Je reprends le long chemin. Je sens que mon corps est déjà fatigué. Je pensais faire le retour le lendemain, mais je songe finalement à prendre un bateau-taxi pour rentrer, histoire aussi de profiter encore d’un point de vue différent. À 14 heures, je vois la pointe, le bout du chemin. Mais c’est encore loin, il reste encore au moins deux kilomètres. La vue est belle : la pointe arborée, et l’océan à perte de vue au bleu profond. Le chemin se resserre, étroit aux descentes et montées difficiles. Une dernière grande montée, une descente douloureuse, et le phare se dévoile, en contrebas. Tout blanc, et si petit. Droit devant, le rocher d’Hole in the Rock. Je m’arrête quelques instants — enfin, après six heures de marche je vois la fin, la maison du gardien du phare. Posée là face à l’océan, au milieu d’une prairie au vert éclatant. C’est ma demeure pour cette nuit. C’est vraiment incroyable de se dire que je vais dormir là, dans ce cadre époustouflant. Je rentre dans la maison. Le parquet en bois de kauri, des lits en bois et à travers les fenêtres, l’océan. Je défais mon sac de couchage, puis je sors m’allonger dans l’herbe. Je suis épuisé. Le soleil me réchauffe un peu, mais le vent souffle. Je profite de la tranquillité du lieu. Je mange mes barres de céréales qui me servent de repas. Je vois dans l’océan une otarie s’amuser, sans doute celle de mercredi. Peu à peu, mes acolytes pour la nuit arrivent, eux aussi exténués. Je regarde le soleil se coucher. J’admire ce ciel teinté de rose, comme une dernière caresse du jour. Les couleurs chaudes glissent sur l’herbe, l’enveloppant d’une lumière dorée, avant que le froid de la nuit ne vienne doucement éteindre la scène. À 20 heures, tout le monde est couché, collant de transpiration mais heureux d’être là et d’avoir accompli ce périple de seize kilomètres.

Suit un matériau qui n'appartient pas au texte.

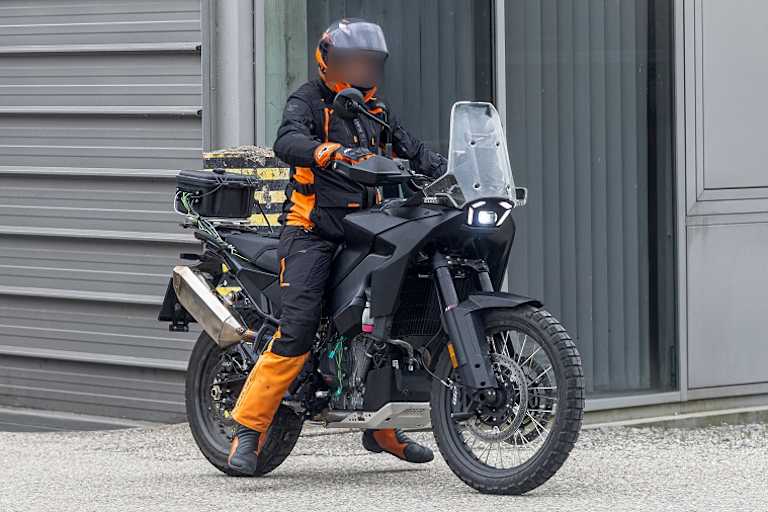 Das Design der kommenden KTM 790 Adventure ist schlanker und gefälliger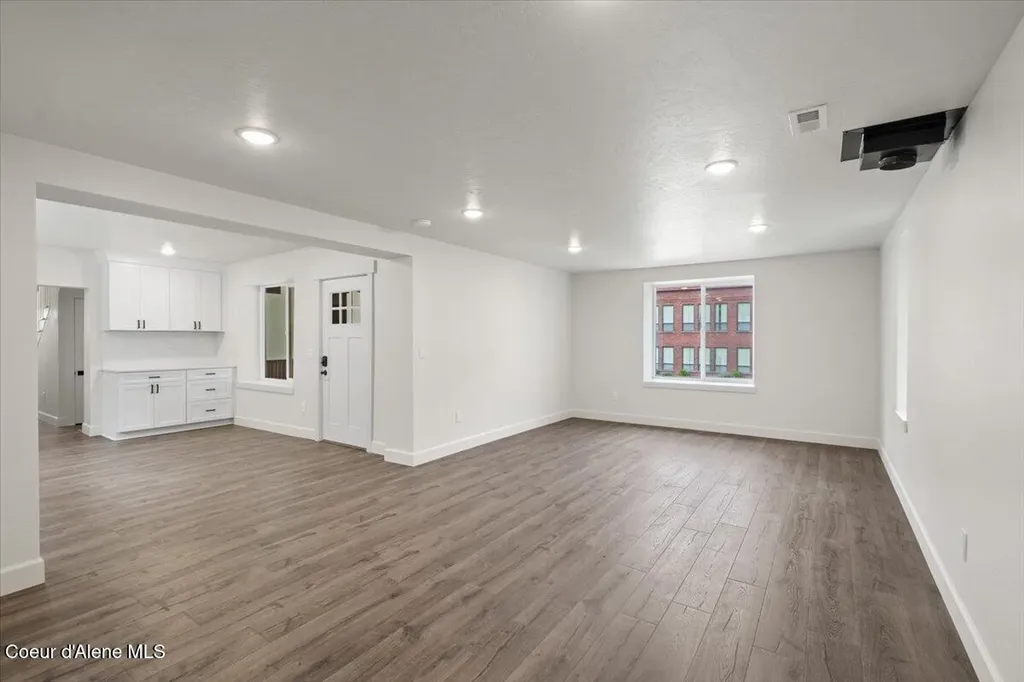 326 Park Street Mullan ID 83846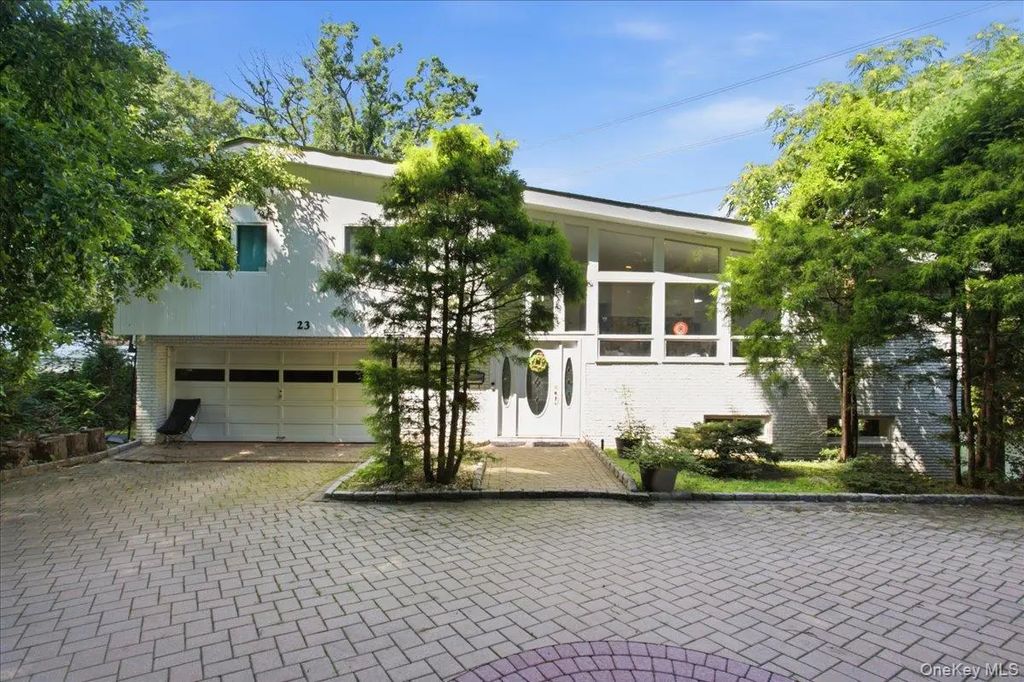 23 Greenville Road, Scarsdale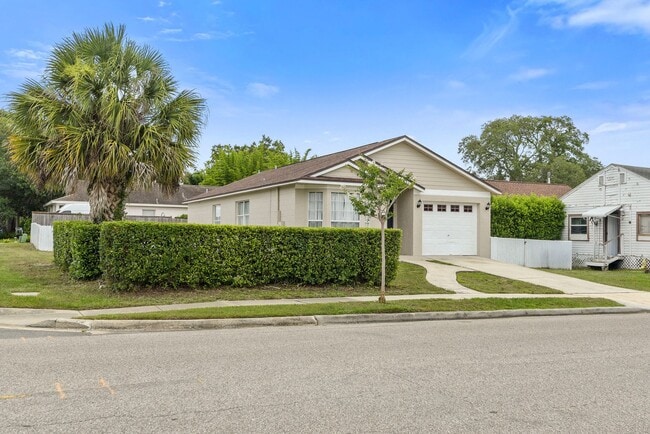 301 S Capen Ave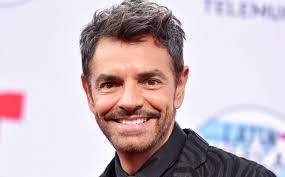 The order of these top eugenio derbez movies is decided by how many votes they receive, so only highly rated eugenio derbez movies will be at the top of the list. Eugenio Derbez Como Mujer Comparte Foto Con Su Peculiar Humor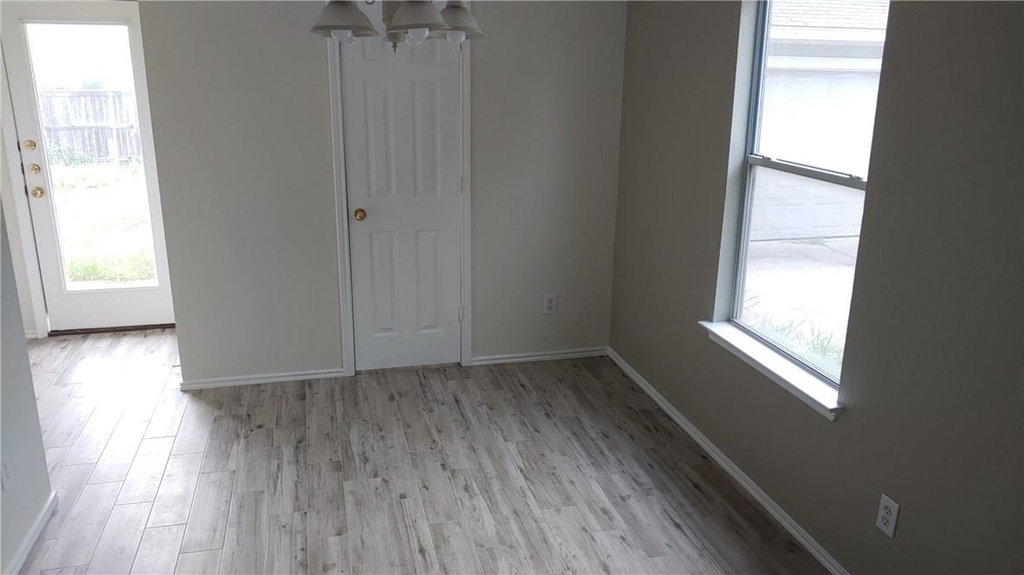 2739 Fairview Dr - Photo 2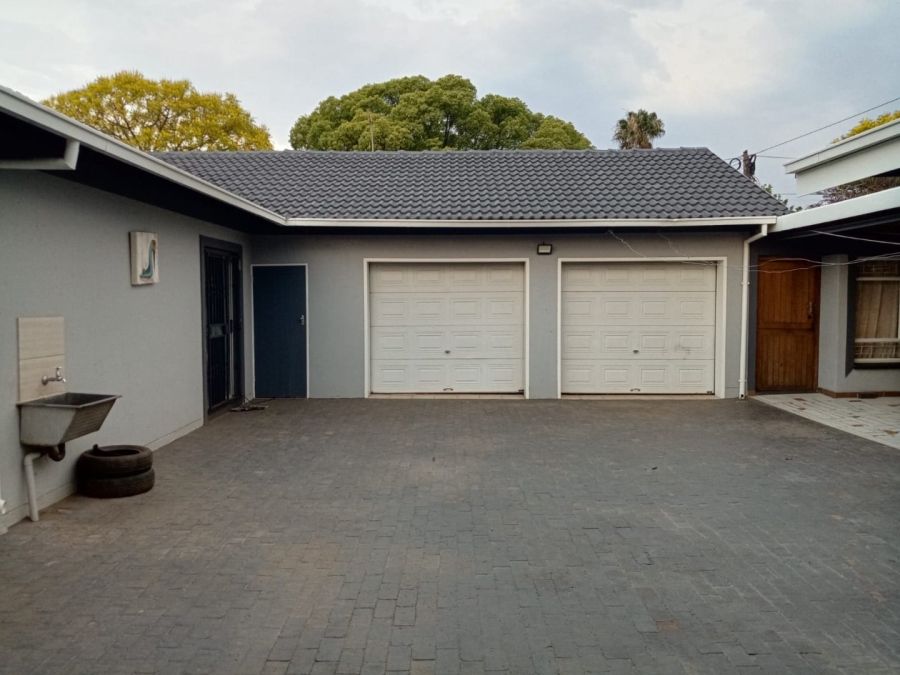 4 Bedroom Property for Sale in Silverton Gauteng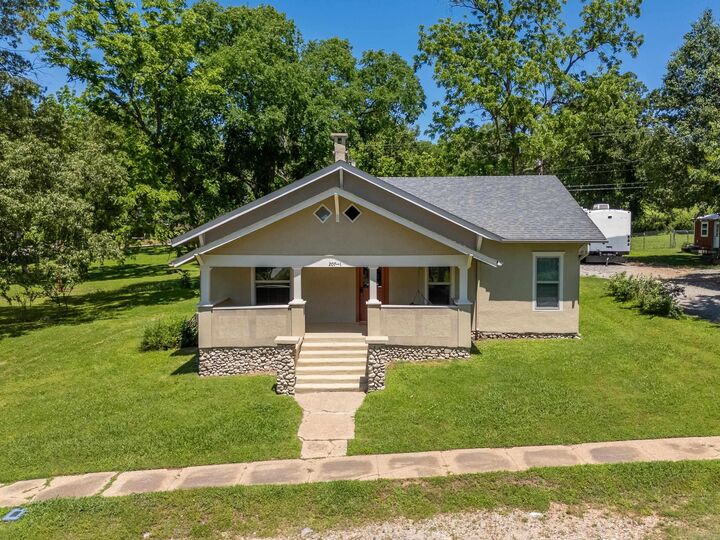 Property Photo:  207 Combs Avenue  AR 72626 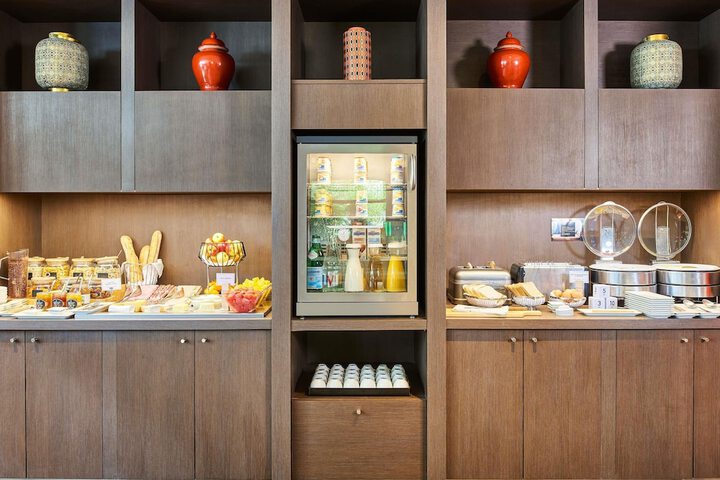 Breakfast/Coffee Service 29 of 45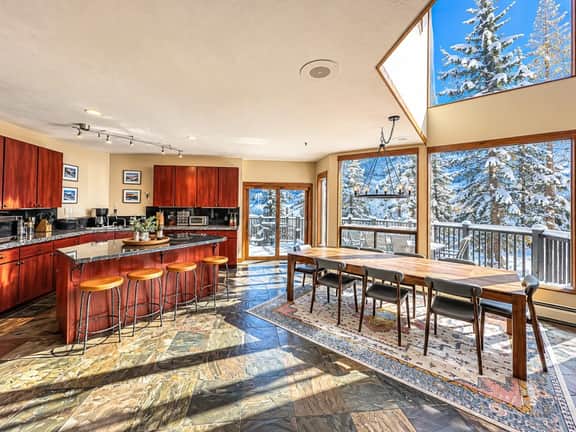 Ski shuttle to Deer Valley, hot tub and sauna - Image 4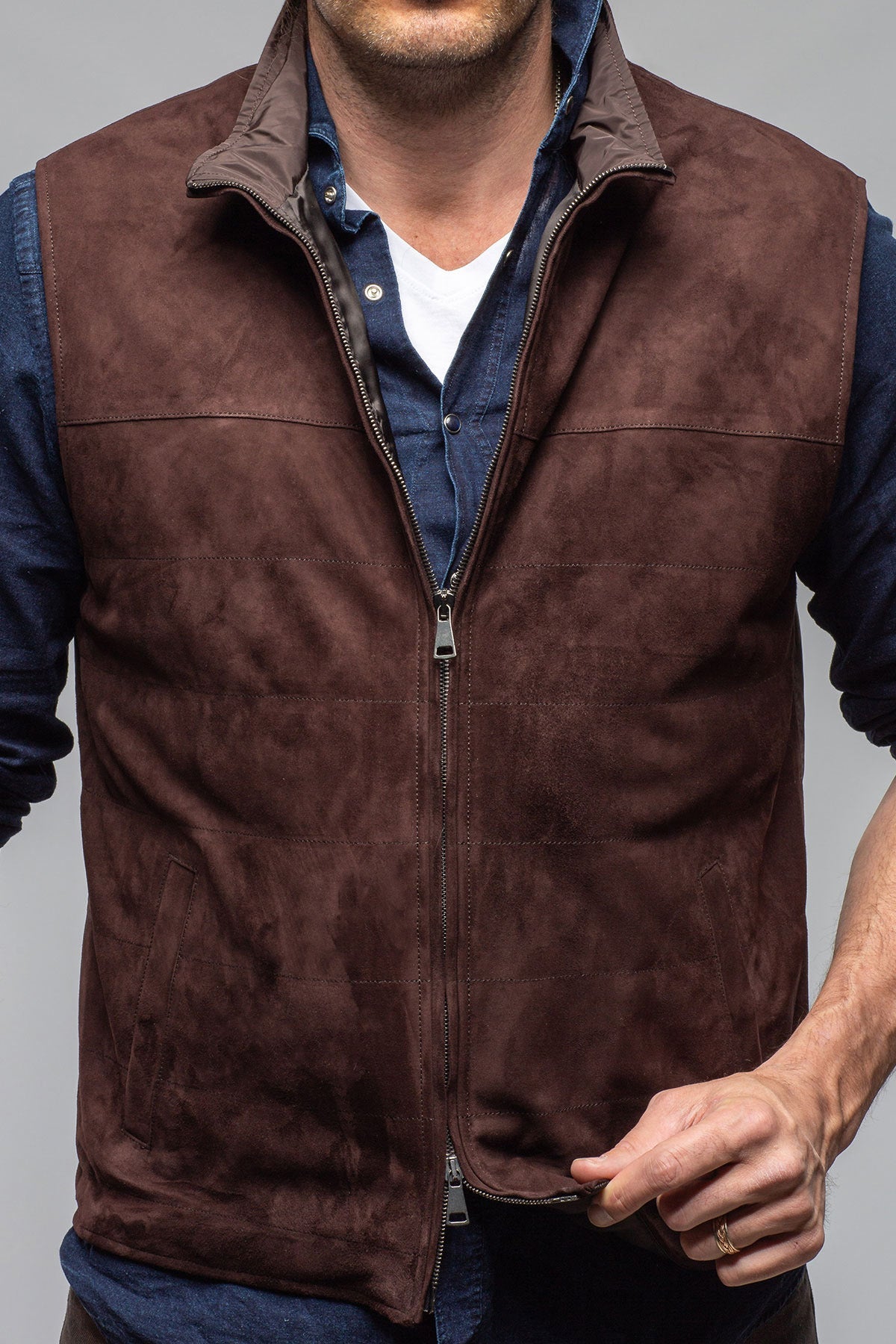 Riley Vest In Dark Chocolate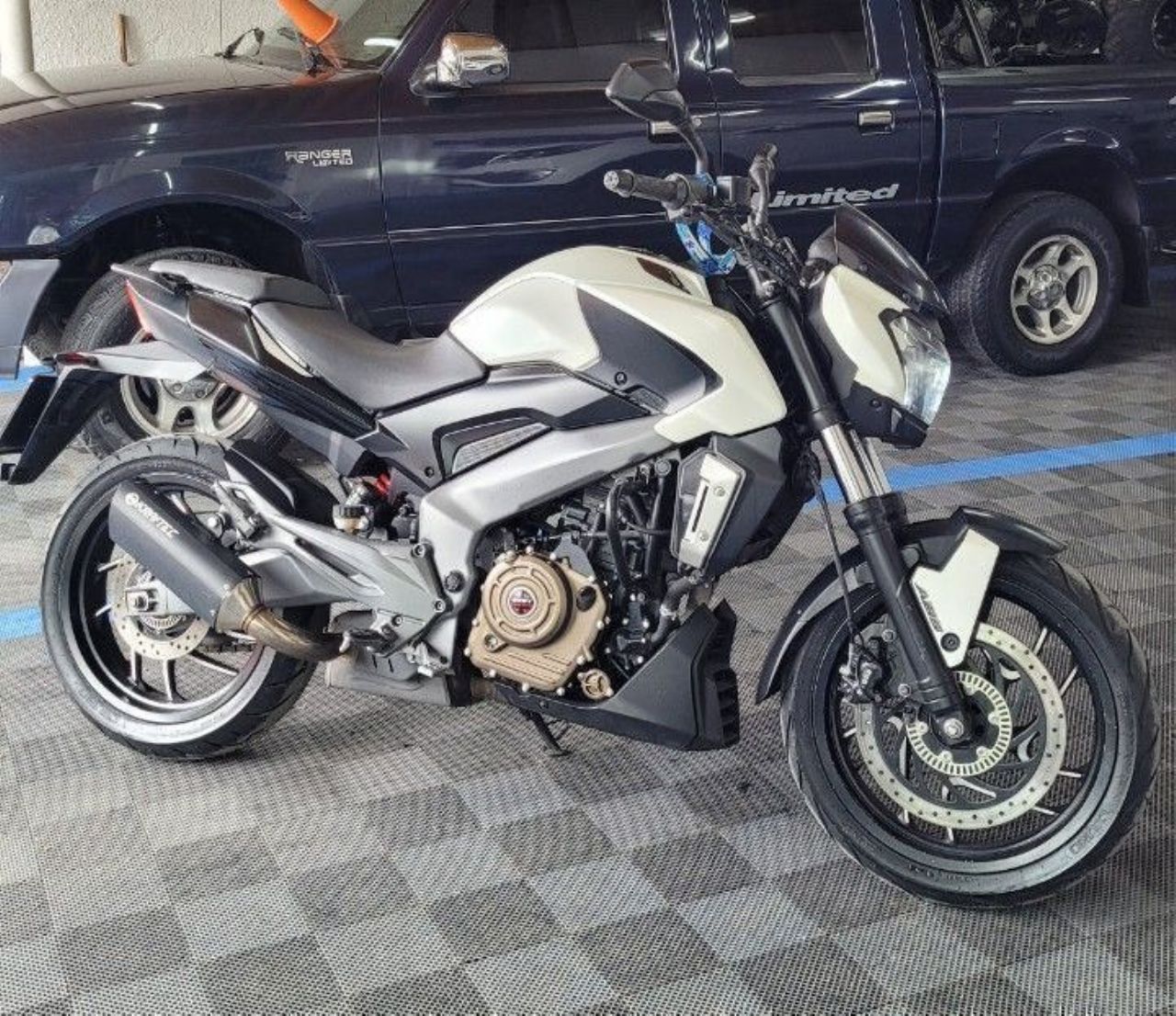 Bajaj Dominar Usada en Mendoza, deRuedas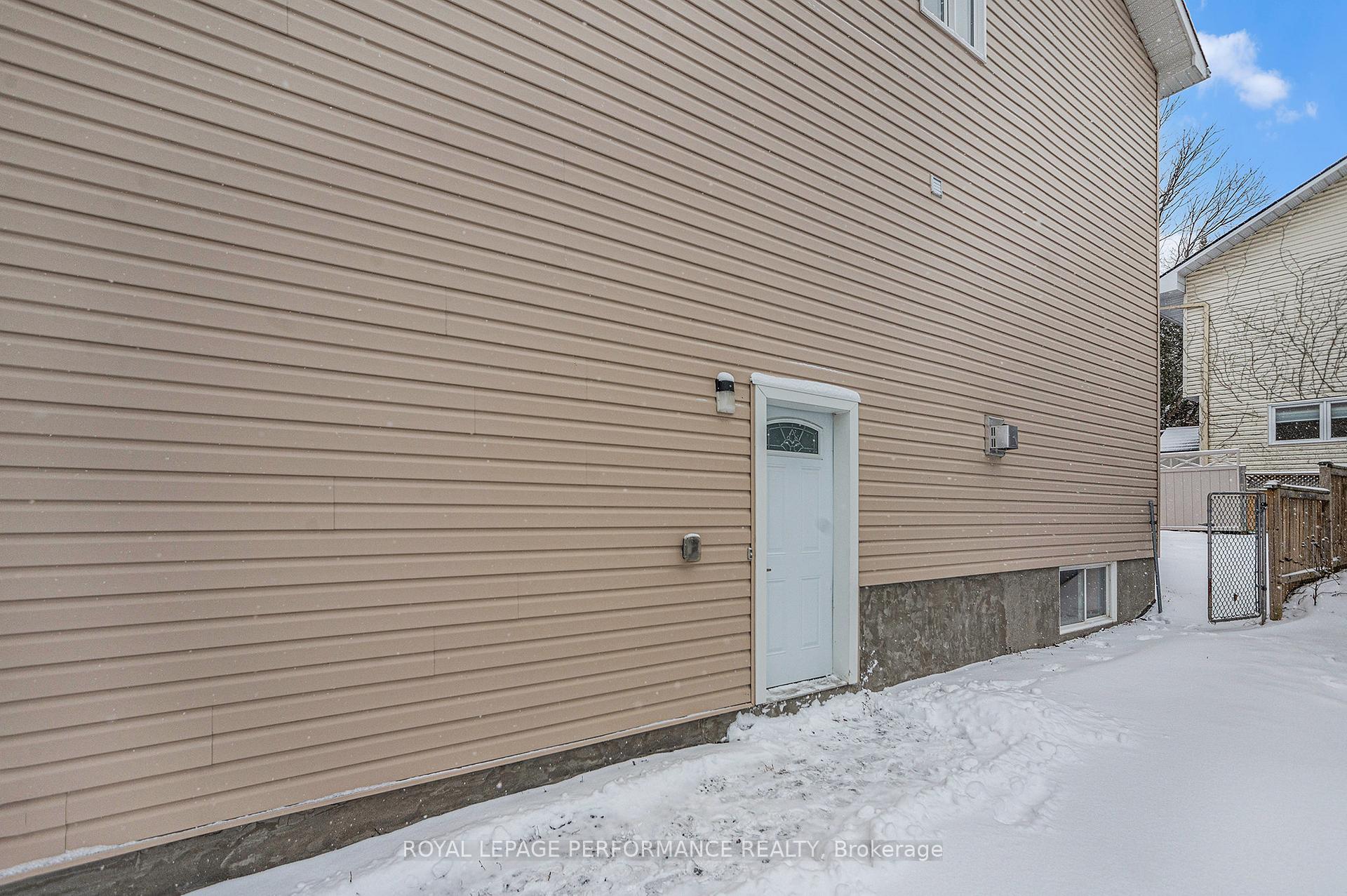 Photo 4 of 1392 Belcourt Boulevard, Ottawa, Chateauneuf — HOMEH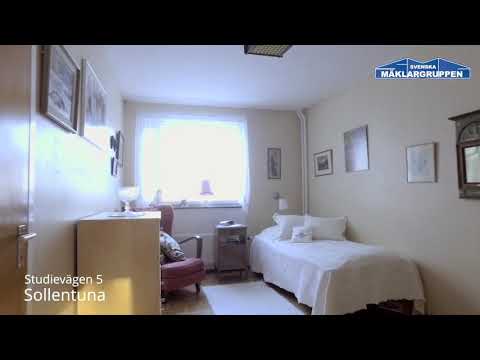 En trerummare med inglasat balkong på första våningsplanet med adress Studievägen 5 i Häggvik.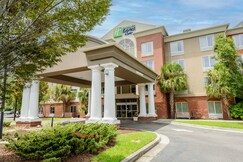 Holiday Inn Express Hotel & Suites Charleston - North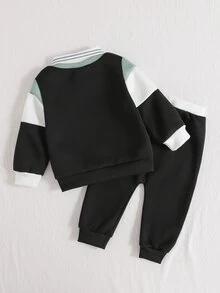 SHEIN 男嬰休閒拼色字母刺繡 Polo 領衛衣與運動長褲套裝，可愛時尚學院風，適合秋冬、戶外穿著、拍照、派對等多場合 - 彩色 - 查看 2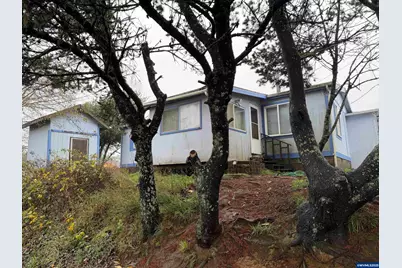 252 NW 20th St, Newport, OR 97365 - Photo 17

Le matin, on se réveille en même temps que le soleil, aux alentours de 7 heures. Je pensais que j’aurais récupéré mais je sens que mes jambes me font encore mal. Petit-déjeuner face au soleil levant, au milieu de nulle part. Les premiers mètres sont extrêmement difficiles, mes jambes me font mal, mais je n’y pense plus au fur et à mesure. Il me reste deux heures et demie de marche. D’abord, le temps se montre menaçant, le vent souffle fort, les nuages gris enveloppent le ciel et donnent un côté ténébreux à l’eau qui se casse contre la roche en contrebas. Je fixe l’horizon où l’océan s’étire, tandis que les rayons filtrent à travers les nuages, déposant là-bas une lumière douce, jaune et timide. Petit à petit, le ciel se dégage. Le soleil brille à nouveau. J’arrive vers 11 heures à Deep Water Cove, petite crique perdue enserrée par la forêt. De magnifiques fleurs violettes tapissent par-ci par-là le sol verdoyant. La pluie se met à tomber légèrement. Je profite de cette nature paisible avant que le bateau-taxi ne finisse par arriver. On longe la côte. En cinq minutes, nous faisons ce que nous avons parcouru en six heures la veille. Fatigué, mais plein de souvenirs dans la mémoire.